(Assignment): Everything from the line containing "Beauenty Solar Power" through the final line of the entries must be repeated exactly, and only that, without pictures.

»»

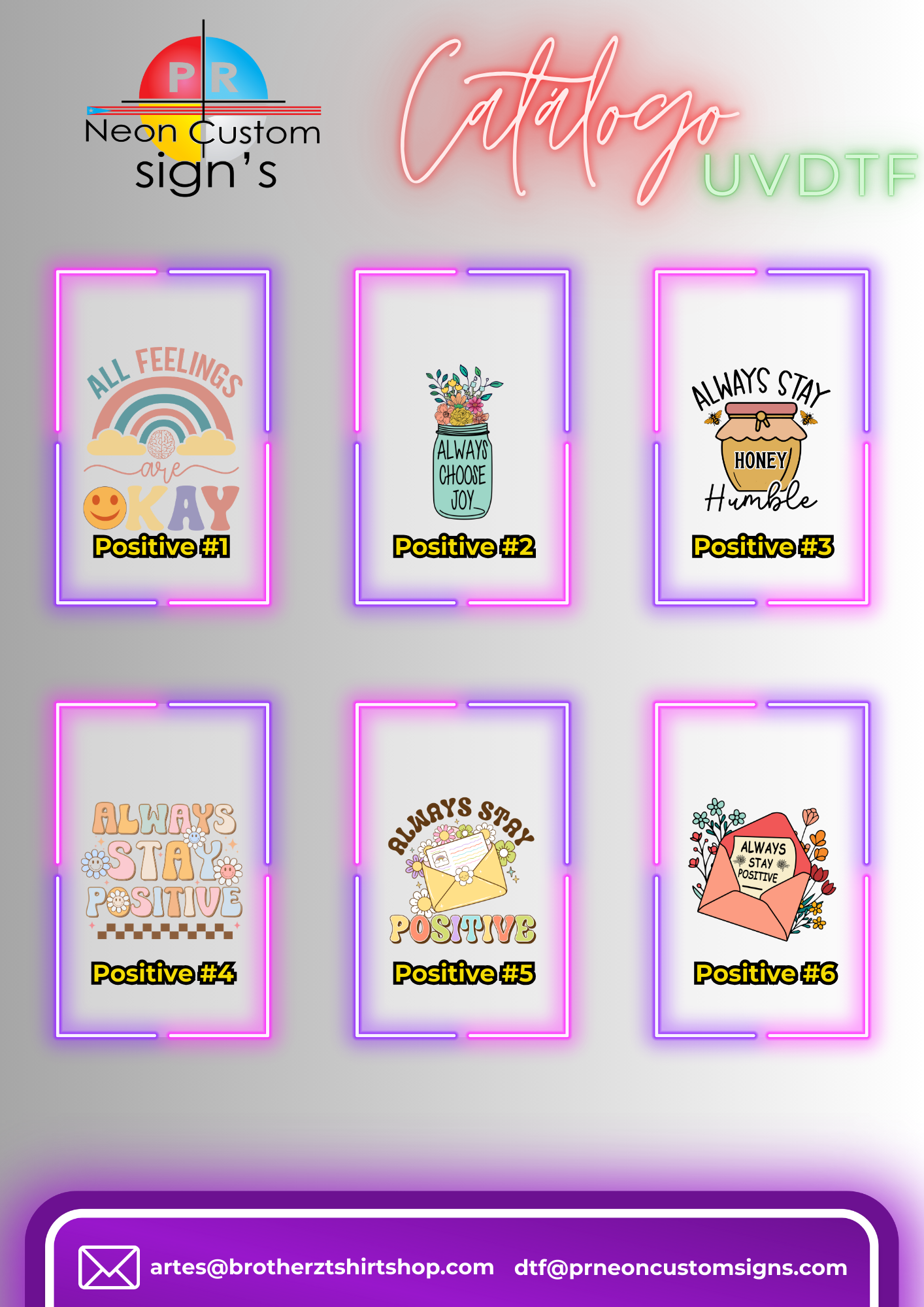 Positive Stickers 1.5"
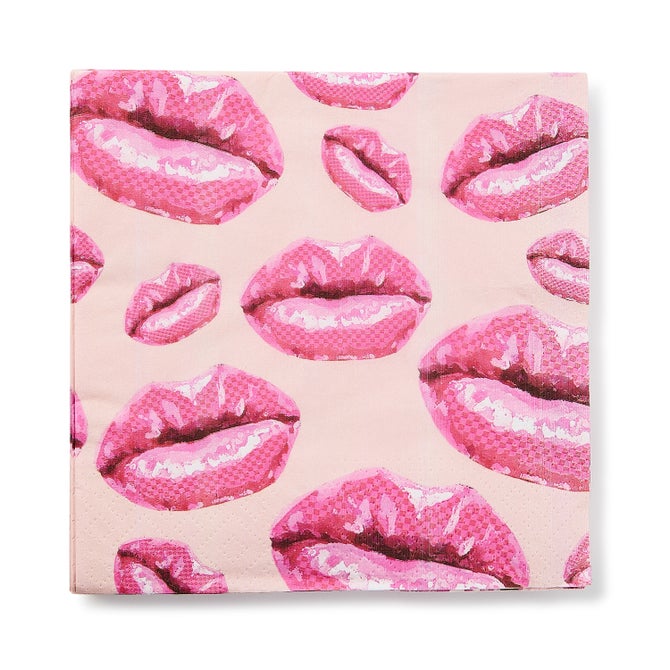 Kiss Me Dinner Paper Napkins
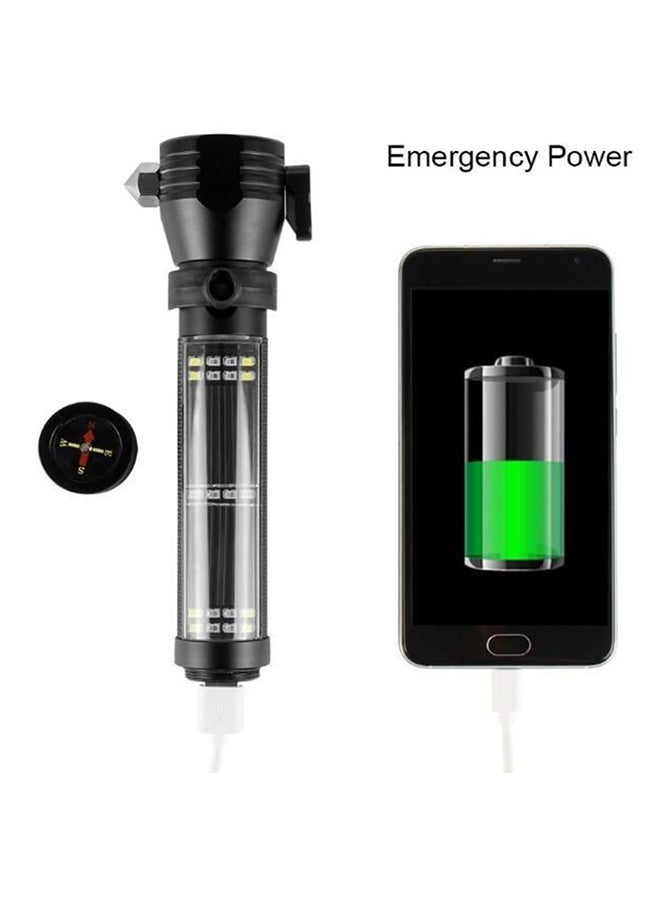 Beauenty Solar Power LED Flashlight White 5x11cm  - Image 2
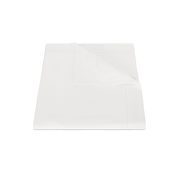 Off-white Bergamo Hemstitch duvet cover, folded.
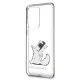 Karl Lagerfeld Samsung Galaxy S20 Ultra vāciņš Choupette Fun, caurspīdīgs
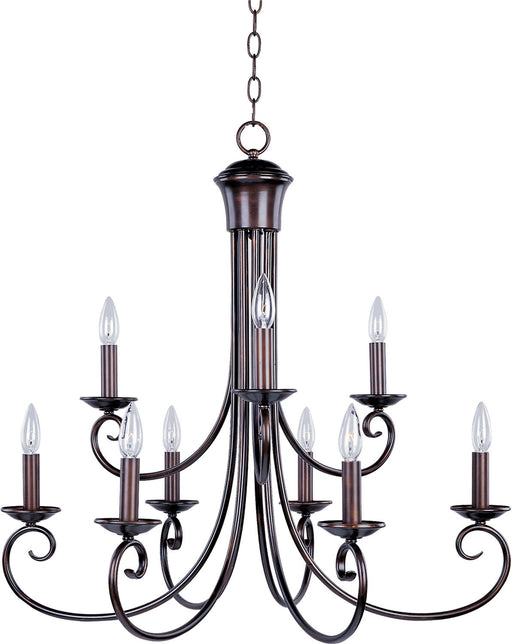 Maxim - 70006OI - Nine Light Chandelier - Loft - Oil Rubbed Bronze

««

(Exercise result):
 Beauenty Solar Power LED Flashlight White 5x11cm  - Image 2
 Off-white Bergamo Hemstitch duvet cover, folded.
 Karl Lagerfeld Samsung Galaxy S20 Ultra vāciņš Choupette Fun, caurspīdīgs
 Maxim - 70006OI - Nine Light Chandelier - Loft - Oil Rubbed Bronze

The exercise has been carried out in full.